The country's coalition government agreed on the tax this week, with new levies on livestock due to start in 2030.
Denmark is a major dairy and pork exporter, and agriculture is the country’s biggest source of emissions.
A share of this pollution comes from methane, a potent planet-warming gas produced by cows and some other animals through their burps and manure.
The tax, expected to be approved by Denmark’s parliament later this year, will amount to 300 krone (around £35) per tonne of CO2-equivalent emissions from livestock from 2030, rising to 750 krone (around £85) in 2035.
A 60% tax break will apply, meaning that farmers will effectively be charged 120 krone (around £15) per tonne of livestock emissions per year from 2030, rising to 300 krone (around £35) in 2035. Using the lower tax rate results in a charge of around £75 per cow, with the levy rising to 1,680 krone (around £190) per cow in 2035. The agreement also entails investing 40 billion krone (around £4.5 billion) in measures including reforestation and establishing wetlands in a bid to meet the nation's climate goals.
In a statement Foreign Minister Lars Lokke Rasmussen said: “With today’s agreement, we are investing billions in the biggest transformation of the Danish landscape in recent times.

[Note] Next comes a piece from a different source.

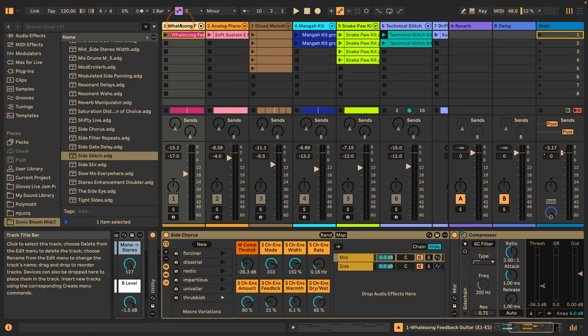One important note: these presets will not work on mono sound sources, so there has to be some information in the left and right channel for them to have any effect.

At the same time, we will be the first country in the world with a (carbon) tax on agriculture.”
It comes just months after farmers held protests across Europe – blocking roads with tractors and pelting the European Parliament with eggs over a long list of grievances, including gripes about environmental regulation and excessive red tape.
Danish farmers’ group Bæredygtigt Landbrug described the new measures as a "scary experiment". Chairman Peter Kiær said: “We believe that the agreement is pure bureaucracy.
“We recognise that there is a climate problem… But we do not believe that this agreement will solve the problems, because it will put a spoke in the wheel of agriculture’s green investments." Peder Tuborgh, the CEO of Arla Foods, Europe’s largest dairy group, said the agreement was “positive” but that farmers who “genuinely do everything they can to reduce emissions” should not be subjected to a tax. “It is essential that the tax base for a (carbon) tax is solely based on emissions for which there are means to eliminate (them),” he added.
Kristian Hundeboll, the CEO of DLG Group, one of Europe’s biggest agricultural businesses and a cooperative owned by 25,000 Danish farmers, said it was “crucial for competitiveness” for the tax to be “anchored” in European Union legislation.
“Neither the climate, agriculture nor the ancillary industries benefit from Denmark acting unilaterally,” he said.
The global food system is a huge contributor to the climate crisis, accounting for around a third of greenhouse gas emissions.
In particular, livestock farming has a big impact, accounting for around 12% of global emissions in 2015, according to the United Nations’ Food and Agriculture Organisation
A share of this pollution comes from methane, a potent planet-warming gas produced by cows and some other animals through their burps and manure.
On average, Danish dairy cows, which account for much of the cattle population, emit 5.6 tonnes of CO2-equivalent per year, according to Concito, a green think tank in Denmark.